Showing posts with label joker. Show all posts
Showing posts with label joker. Show all posts

Monday, September 09, 2013

What makes Joker tick?



This probably isn't a new revelation to many people, but one thing that struck me about the Joker in his first appearance in Batman #1 is how much he craves attention. I love that panel from the first story where he talks about fooling the police and how he'd like "to shout the answer into their stupid faces." His M.O. that whole story is to announce to the public that he's going to commit a crime (usually a combination of murder and theft) and then pull it off in a way that no one can stop him.

In the fourth and final story in Batman #1 (again by Bill Finger, Bob Kane, and Jerry Robinson), the Joker escapes prison after only two days there and picks up right where he left off. He declares that he wants to "let all know" that he's "still in the game and is still high card." It's not enough to commit the crimes and get away with it; he also has to rub it in the public's face.

This seems core to who Joker is.
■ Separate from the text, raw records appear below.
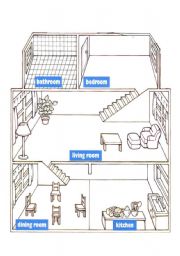 English Worksheet: Rooms-Action part 4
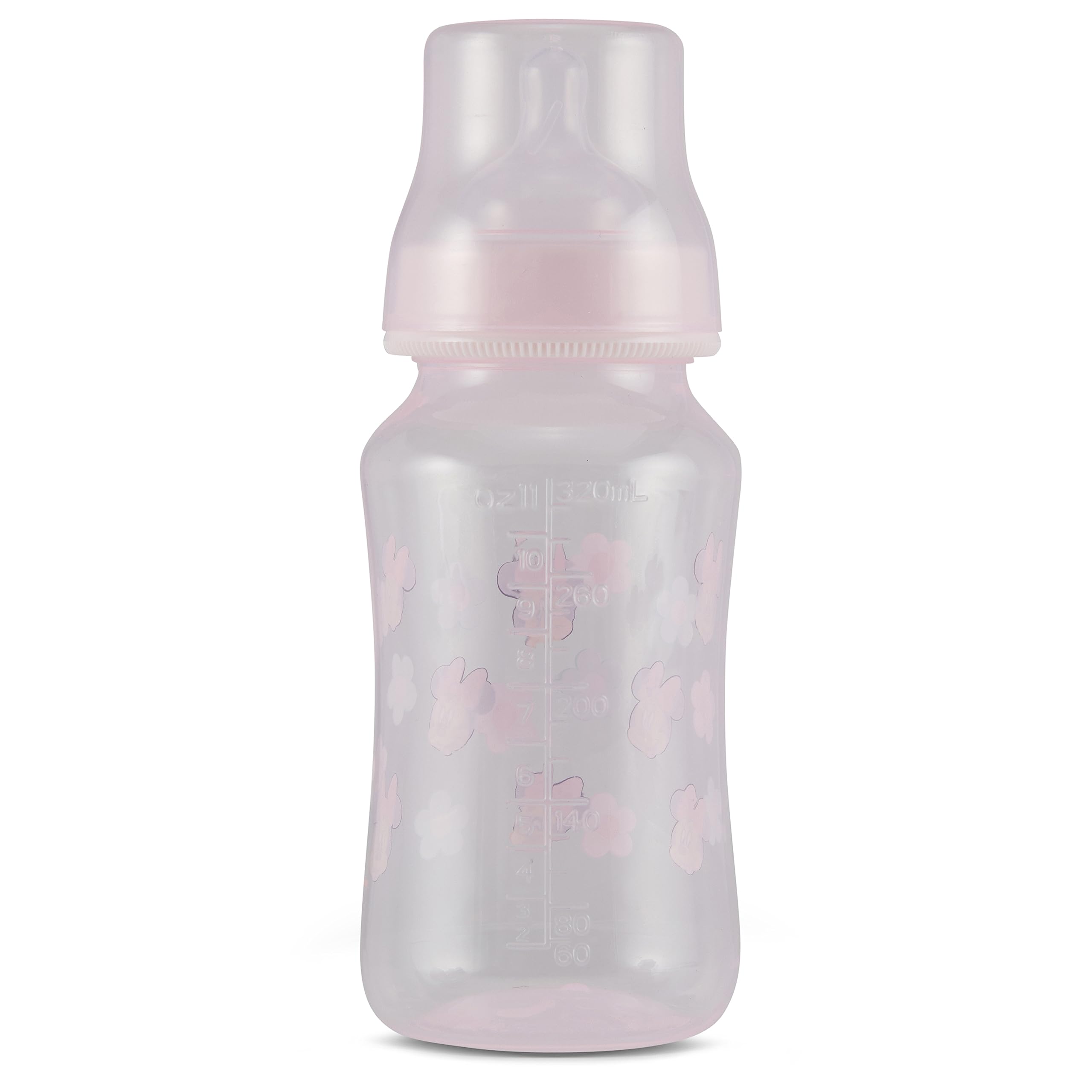 Disney Minnie Mouse Baby Bottles 11 oz for Boys or Girls | 2 Pack of Infant Hourglass Shaped Bottles with Cover for Newborns and All Babies | BPA-Free Plastic Baby Bottle for Baby Shower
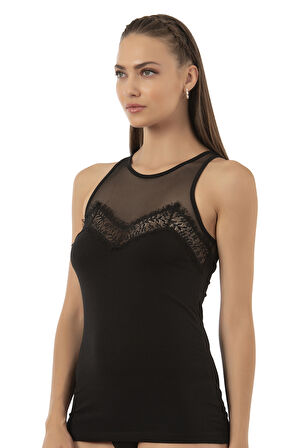 Özkan 25513 Kadın Pamuklu Likralı Önü Tül Detaylı Esnek Rahat Süprem Robalı Atlet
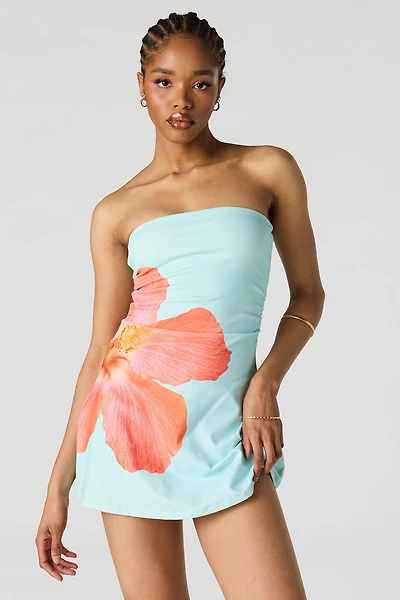 Floral Graphic Tube Mini Dress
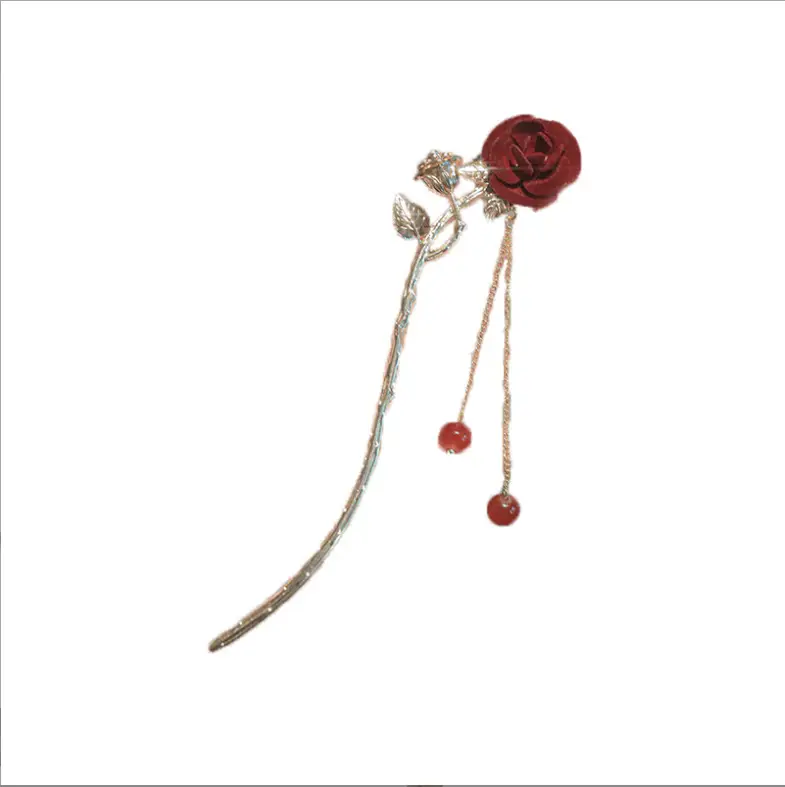 Elegant Rose Hairpin with Red Beads and Chain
A good Joker story will always have an element of panache to it, because the Joker isn't an agent of chaos (a relatively recent interpretation) so much as he is an agent of showing off.

Monday, September 02, 2013

The grim jester called... The Joker!



When people talk about whether or not Batman should ever kill, the discussion inevitably comes around to the Joker, a homicidal maniac who continually breaks out of custody to murder again and again. The government is helpless to stop him, so the only way for someone to end his terror is to end his life.

Batman seems tailor-made for the job. He's outside the law, has a supposedly unquenchable thirst for vengeance, and has experienced in very close, personal ways the Joker's capacity for murder. He knows without doubt that this is an unrepentant person incapable of rehabilitation who will only be stopped by being killed. That Batman's "code" prevents him from doing what needs to be done is frankly a massive impediment to suspending disbelief about the dark knight and his world.

One way of relieving this untenable tension is to ease off on the Joker's murderous impulses. I like the Silver Age Joker who was more interested in pulling off capers with panache than spreading terror, but that's not exactly true to the character's Golden Age roots. As presented in Batman #1 (by Bill Finger, Bob Kane, and Jerry Robinson), the Joker is definitely interested in showing off, but he's just as into murder. The original Joker isn't a fun character, he's a horrifying madman.

He's also a massive hit and his creators seem to know it. He appears in two stories in Batman #1; jailed at the end of the first one and... well, we'll look later at what happens in the next. But I'm curious to see how the Golden Age storytellers kept the Joker around before Batman's "code" created an easy, ridiculous out.